Thank your for your try.

Can you say that one electrode of the capacitor may have a capacity of 0,50 micro Farad ? (As you know there are 2 electordes in a cap plus dielectric medium). I understand what you mean, you see it as multi layered cap, with many parallel layers, however, there are still 2 electrodes, it is irrelevant how many layers they contain......

Let me change the question in this way, you have a parallel plate capacitor, each plate has an area of 0,04 m^2 (20 cm x 20 cm), okay, the distance between the plates is 0,001 m, assume we have silicon between the plates with a relative permittivity of 11,68, so, we would calculate the C value, as 4,13 exp(-09) Farad. How would you evaluate the C value for each plate ?

Or, you may also assume that we have just one copper plate (sheet), of the same dimension : 20cm x 20cm, how would you find the capacitance (at the surface) of this copper plate ?

It must have a value, while it can hold charge, am I right ?

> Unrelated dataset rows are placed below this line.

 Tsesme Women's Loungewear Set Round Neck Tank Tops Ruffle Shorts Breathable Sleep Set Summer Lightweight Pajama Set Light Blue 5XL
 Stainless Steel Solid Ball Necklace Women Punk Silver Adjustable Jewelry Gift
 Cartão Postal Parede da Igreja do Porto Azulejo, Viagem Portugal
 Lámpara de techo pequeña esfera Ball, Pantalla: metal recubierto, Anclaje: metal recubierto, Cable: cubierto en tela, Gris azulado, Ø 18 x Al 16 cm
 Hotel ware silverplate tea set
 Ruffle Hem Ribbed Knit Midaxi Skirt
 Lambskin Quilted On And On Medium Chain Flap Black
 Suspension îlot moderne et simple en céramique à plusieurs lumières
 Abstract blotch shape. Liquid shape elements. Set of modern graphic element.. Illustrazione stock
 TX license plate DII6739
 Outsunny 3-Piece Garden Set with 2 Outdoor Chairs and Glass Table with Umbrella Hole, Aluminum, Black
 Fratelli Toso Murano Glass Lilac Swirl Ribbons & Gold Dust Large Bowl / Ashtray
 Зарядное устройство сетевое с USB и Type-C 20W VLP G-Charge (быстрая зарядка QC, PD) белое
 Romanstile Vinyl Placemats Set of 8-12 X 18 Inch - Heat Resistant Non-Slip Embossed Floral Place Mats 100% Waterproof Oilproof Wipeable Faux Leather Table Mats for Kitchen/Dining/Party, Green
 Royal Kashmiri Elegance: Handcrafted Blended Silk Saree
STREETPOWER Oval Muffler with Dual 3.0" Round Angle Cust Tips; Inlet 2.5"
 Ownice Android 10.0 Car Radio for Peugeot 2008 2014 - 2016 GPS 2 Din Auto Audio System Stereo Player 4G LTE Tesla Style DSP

An isolated metal sphere would have a capacity of C = 4x Pi x epsilon_0 x R), I want you to make the same calculations for a metal plate with dimensions of a x b x c (c may be very tiny)

Many thanks

Birol

ANSWER: It is absolutely NOT irrelevant!!! The surface area is relevant, not the number of electrodes!!!

Basically, you diverged into where your questions show that you don't quite get the concept of capacitance yet. Let me try to set you straight, but this is not the forum for a whole physics class.

For each plate here is different than the question you ask at the end. There is not capacitance for each plate here, there's a capacitance for the pairs of plates. Multiply by the number of pairs and you get the total capacitance. You got the capacitance right for one parallel plate capacitor (I have a different number in the 3rd decimal place, I'll assume it was rounding off or something). But if that's the area of each plate then you have to multiply by the number of layers. If it's the area of all the plates added together, then it's correct and for "each pair" you have to divide by the number of plates.

A sphere still has to have a defined zero potential. If you have a sphere, you call it infinity and integrate against its electric field to find the voltage difference at its surface. If it's a plate, you have no such nice and easy definition. You cannot easily define the capacitance for any geometry except a sphere with a single electrode, and a set of plates makes the question itself meaningless. Sorry. You can't find its electric field relative to infinity without doing really nasty integration and assuming a thickness of plate.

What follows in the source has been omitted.